Ces derniers n'ont hélas plus laissé aux constituants comme option que de refuser l'ensemble du texte s'il veulent protester contre la mise au rancart de ce pauvre alinéa, alignant, par l'éligibilité aux instances communales, le droit de nos amis étrangers, comme vous les nommez, sur celui du droit de vote acquis sur initiative en 2005. Ces habiles et machiavéliques ont, en acceptant tacitement l'offre de la droite de ne plus s'accrocher à la réforme fiscale défavorable aux communes populeuses, en contrepartie de bénir le paquet en fin de parcours, cautionné le verrou imposé par le règlement de l'Assemblée.
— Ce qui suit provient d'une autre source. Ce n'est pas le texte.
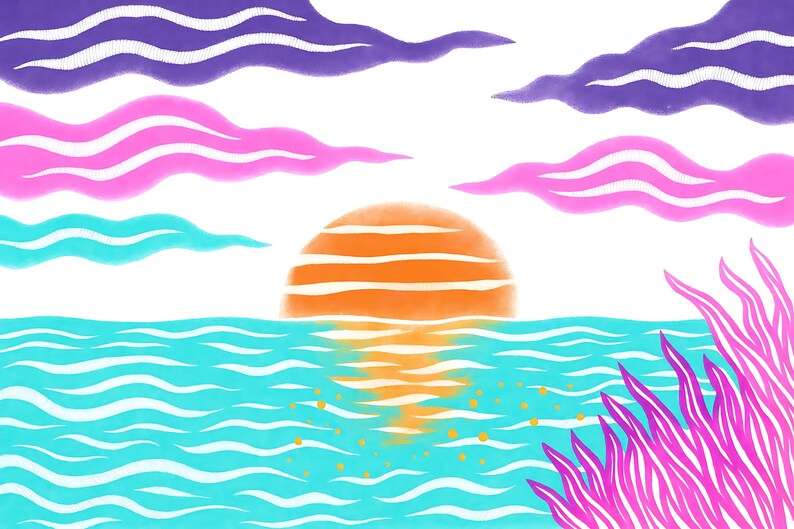May include: A vibrant digital illustration of a sunset over the ocean. The sun is orange, with pink and purple clouds above the turquoise water. Pink and purple plant-like shapes are in the lower right corner.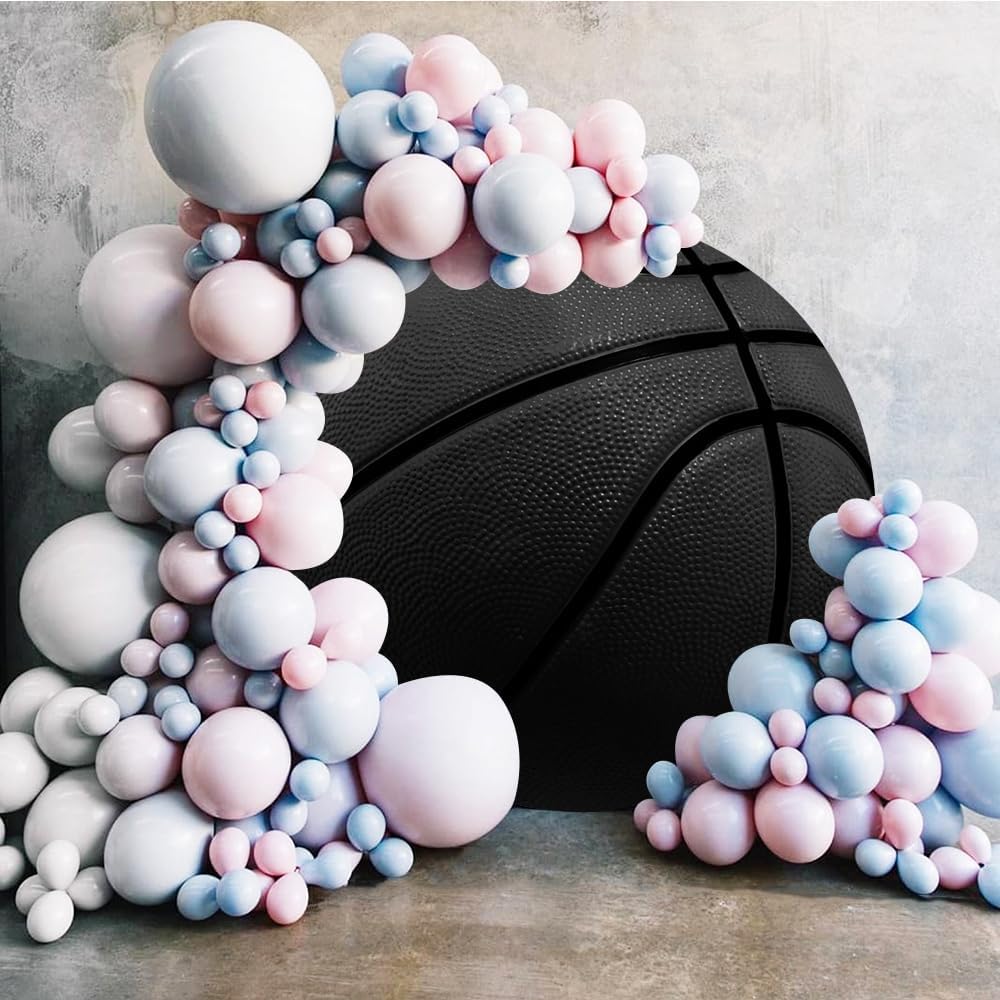 Leyiyi 7.2x7.2ft Basketball Round Backdrop Cover - Black Basketball Match Sports Theme Circle Photography Background for Boys Baby Shower Newborn Gender Reveal Party Decor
Ce dernier ne permet pas à ce stade de la 3ème lecture d'inclure de nouvelles propositions sauf si la majorité absolue de 41 voix l'exige. Une forte fraction de la majorité ayant voté le retrait de l'éligibilité devrait donc se déjuger pour la remettre sur le tapis après un sursaut moral de vos collègues revenant sur leur marchandage, c’est évidemment impensable.
La seule façon qui reste donc pour sanctionner à ce niveau l'iniquité de ce marchandage, est bien pour ceux dont les groupes se sont engagés à accepter l'ensemble, à désavouer leur responsable et voter CONTRE l'ensemble du projet lorsque la question viendra au vote, en dernier recours le 31 mai. Ainsi, la droite, qui tenait le manche par le bon bout, aura échoué à parfaire la chaîne des chantages remontant à celui des partis xénophobes sous la houlette MCG, qui menaçait de combattre frontalement un projet accordant l’éligibilité. Plus la majorité acceptant le projet ainsi amputé sera faible, moins les chances de la constitution de passer le cap en octobre seront réelles.
On ne peut que vous souhaiter de réussir à soulever vos collègues constituants contre le marché de dupes qu’on leur a fait avaler et qu’ils s’évertueront à nous présenter de la manière la plus attrayante pour nous la faire gober. Or, comme vous, je pense qu'il est des os qui ne passent pas.